Preparing and Answering Payment Claims

LSSA2015I will be giving a talk in Adelaide for the Law Society of South Australia on Wednesday – 4 November 2015 – on the topic of Preparing and Answering Payment Claims under the Building and Construction Industry Security of Payment Act 2009 (SA).

This is not intended to be cutting-edge stuff, but rather a general introduction for general practitioners who may not be familiar with this tricky legislation. It has recently become all the more difficult for newcomers to get on board, given that both Queensland and New South Wales have recently made significant changes to their legislation (in the former case, for the better, and in the latter case, for the worse) and so the only States and Territories which now operate the original form of the legislation are South Australia, Tasmania and the ACT. In other words, it is only the smaller jurisdictions which have been “left up by the tide” in its original East Coast form. Well, not quite original, because New South Wales originally introduced the legislation with the bizarre feature that an adjudication loser could provide security, instead of writing a cheque for the amount of the determination. That feature rendered the legislation substantially pointless, and only lasted a couple of years.

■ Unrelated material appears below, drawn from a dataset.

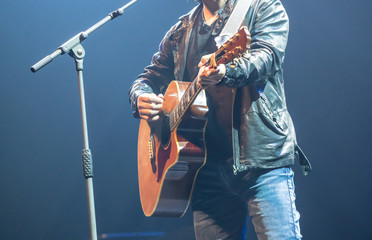 Man wearing leather jacket playing acoustic guitar on stage.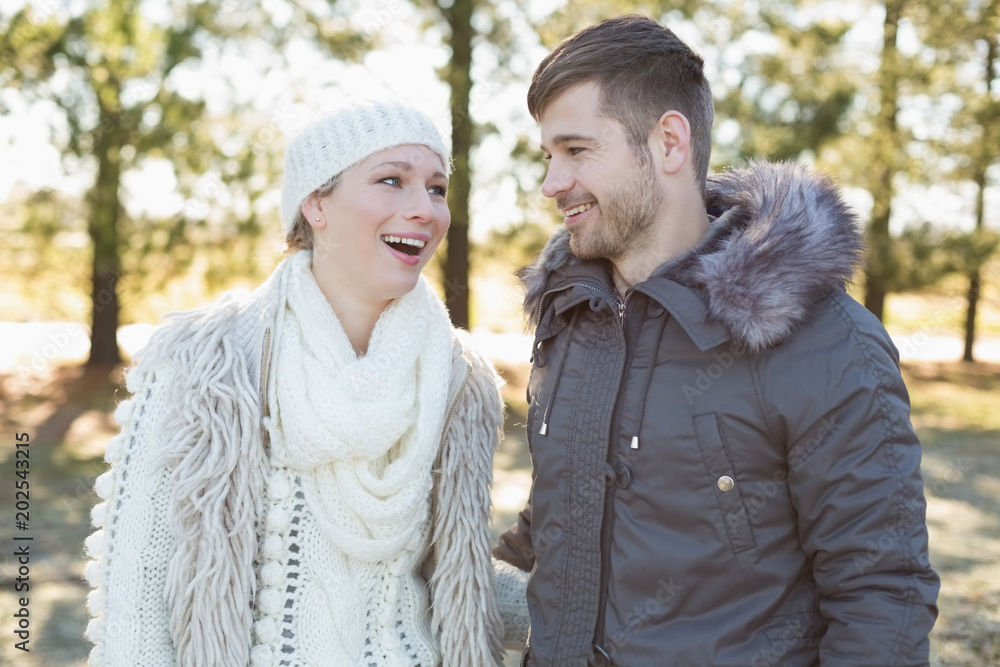 Fototapeta premium Cheerful couple in winter clothing in the woods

A theme that came up over and over again at the Society of Construction Law Australia conference in Melbourne last weekend (which was excellent by the way) was that it is utterly absurd that this legislation is fragmented on a State and Territory basis: it would make far more sense for there to be a national system. But the rather bizarre way in which the Australian Constitution works means that there is relatively little appetite by anybody in government to do what needs to be done. Stakeholders in the construction industry regularly get their fingers badly burned by this legislation, but there are few votes in it one way or the other, and parochialism strides the stage with considerable confidence.